(WORK ITEM) In the records below, the line with "4 Metal Syrups & Creamers 1 Plate" opens the range and the line with "14G 11/16 Black" closes it; print that range exactly and nothing else.

(SOURCE DATA)
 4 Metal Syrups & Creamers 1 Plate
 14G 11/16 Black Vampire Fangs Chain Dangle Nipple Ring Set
* * *
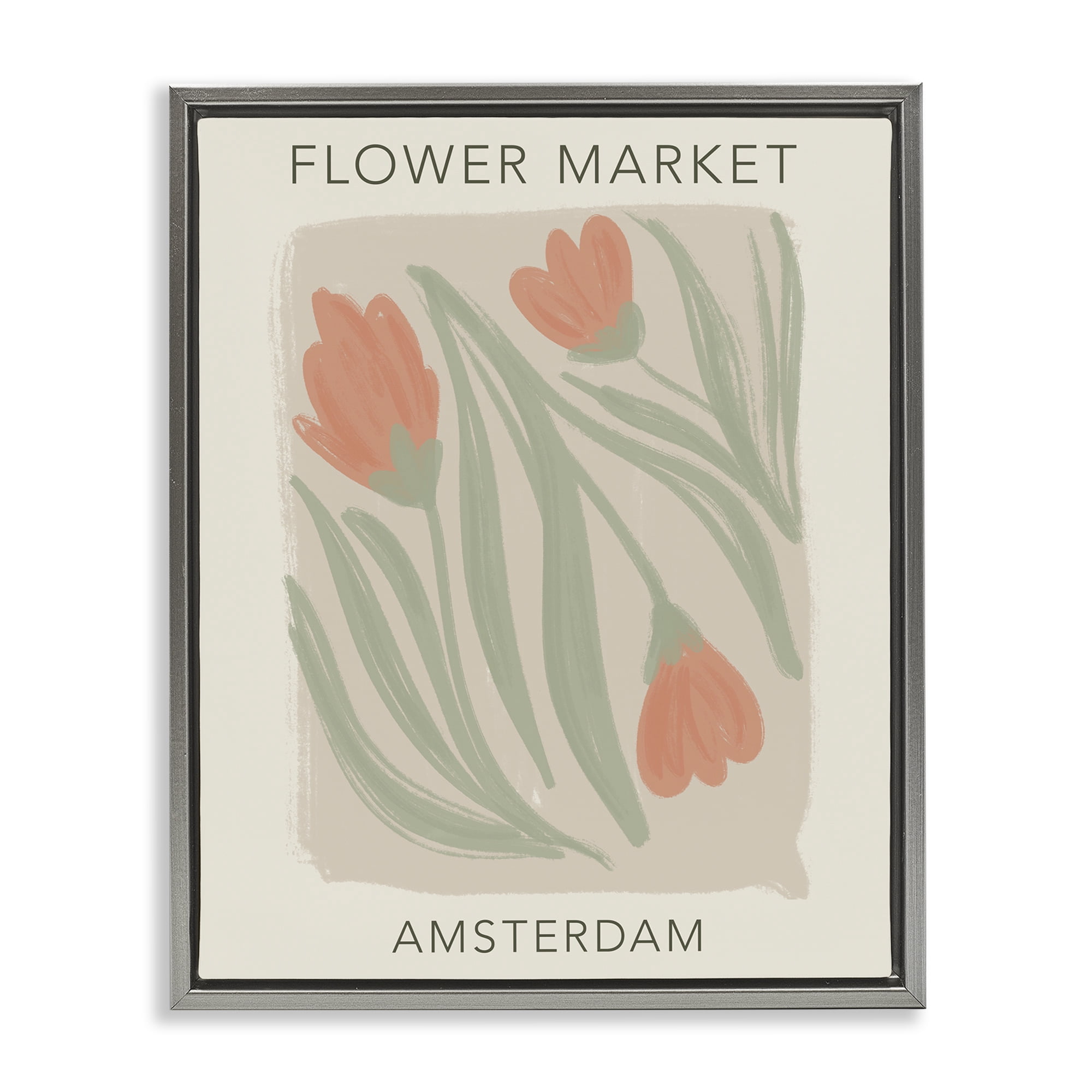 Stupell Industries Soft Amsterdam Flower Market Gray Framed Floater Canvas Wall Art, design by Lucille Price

(YOUR SOLUTION)
 4 Metal Syrups & Creamers 1 Plate
 14G 11/16 Black Vampire Fangs Chain Dangle Nipple Ring Set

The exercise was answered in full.